Not many creative businesses are feeling good at present, and the design industry is no exception. Yet beneath its gloomy disposition are several important issues.
Are the bigger boys increasing their market share, as in theory might be expected in a recession, or are they losing ground? Does bigness provide a competitive advantage? Or can it also prove a competitive disadvantage? And which specialisations are likely to be most recession-proof?
It’s no coincidence that some of the biggest consultancies have specialised in certain types of big budget work. Fitch was built on a specialisation in interior and retail design. Imagination focused on events and similar projects. Interbrand and Wolff Olins benefited from major branding and corporate identity work.
They all had one thing in common – a requirement for much more than talented graphic design. They needed other skills, as well as the ability to reach out to a wide variety of locations on behalf of their clients. This breadth of resource became a competitive advantage, as it was harder for small consultancies to put together such a comprehensive offer. It also helped justify high fees when compared to the simpler process of packaging design, for example.
Yet the very nature of those consultancies’ expertise is also their Achilles heel. In recessionary times, clients are far more cautious about committing big bucks to projects that may not deliver an immediate return to the bottom line. It’s easier to defer the roll-out of a new retail design or a corporate identity project – on grounds of cost and timing – than to cancel modestly budgeted new packaging for a product that’s ready for a fresher look.
So, it should have come as no surprise to hear WPP Group boss Sir Martin Sorrell bewailing the state of his branding and identity businesses last year.
Looking at how a sample of the larger consultancies were faring a year or so ago, there were clear signs that activity was on the decline and profit margins being squeezed. Year-on-year gross profit margins had fallen by 5 per cent while operating profit margins (operating profit as a percentage of revenue) had slumped by 58 per cent. Worst hit were Interbrand and Wolff Olins, both of whom had jumped aboard the massive Omnicom omnibus, only to see their revenues and profits decline.
The situation cannot have been helped by one or two well-publicised cases where branding and corporate identity consultancies produced work that left both clients and the public bewildered about its real benefits. It’s hard enough persuading clients to fork out on identity work during a recession without also having to counter wider scepticism about its value.
Where does all this leave the smaller design consultancy or those contemplating starting up on their own? Some crumbs may be handed down from the big players whose clients are determined to cut the costs of the simpler graphic design assignments. But at the same time, there will be an increasing number of good designers available to do that work, including those who have left the big consultancies – either because they abhor the large company environment or because the large company abhorred them. They add capacity to an already crowded market, even if they simply work freelance.

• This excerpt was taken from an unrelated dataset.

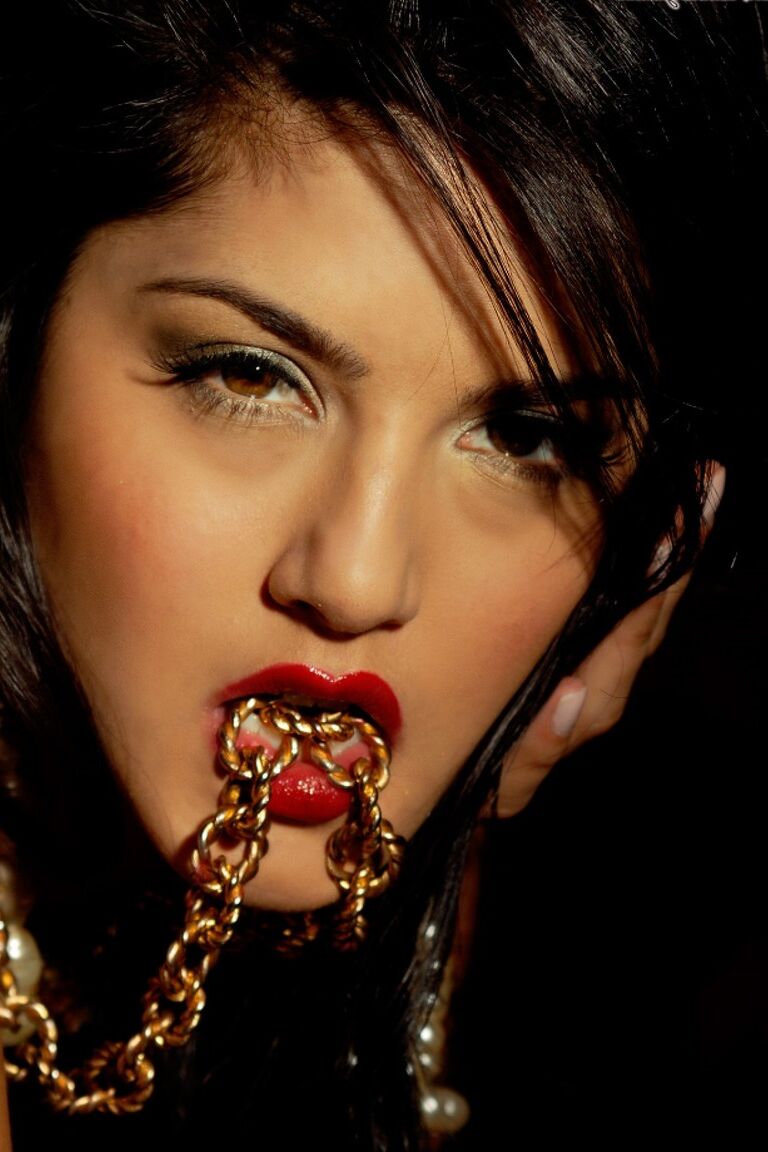 21P Sweet girl with pierced tits Sunny Leone flaunts her twat on a desk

The really difficult decision for the multinational holding companies is whether or not to merge their various design businesses in order to achieve operating economies. Cordiant Communications Group has already announced such a move as it first pulled together PSD and Bamber Forsyth under the Fitch banner, and is now planning to bring all its design brands into the Fitch London reporting line. Was that client-driven or profit-driven?
The clue is in CCG’s half-year profits announcement: ‘Revenues decreased by 17.2 per cent on an underlying basis in the first six months, reflecting reduced activity levels in branding and design and business communications, particularly in North America.’
That reorganisation seems nothing more than a rationalisation of some problematical businesses. Yet good consultancies seem to thrive best by preserving something of the cottage industry ethos in which they were brought up, rather than by thrusting them altogether.
WPP also seems to have started down the road of consolidation by collecting its various consultancies under just two umbrella brands – Enterprise IG and The Brand Union – but so far the individual businesses have retained their own identities.
The most obvious cases for merger are under-performing consultancies that offer a similar service. If recession lingers on, might Omnicom force a marriage between the two fiercely competitive identity businesses of Interbrand and Wolf Olins? The fallout would almost certainly involve some very talented people and some highly valued clients.
At the bottom end of the market, over-capacity and price competition will continue to undermine profitability – a situation exacerbated as new start-ups emerge. At the top end, resource-hungry consultancies will remain vulnerable to the economic cycle and the current reluctance of clients to invest in big-ticket projects.
The battle for market share is likely to be played out at both ends of the scale. There’s no easy answer to whether smaller independents can profit at the expense of bigger players. It’s not that simple. The only real winners will be those with the greatest design talent, the greatest ability to deliver what clients want, and the strongest entrepreneurial management.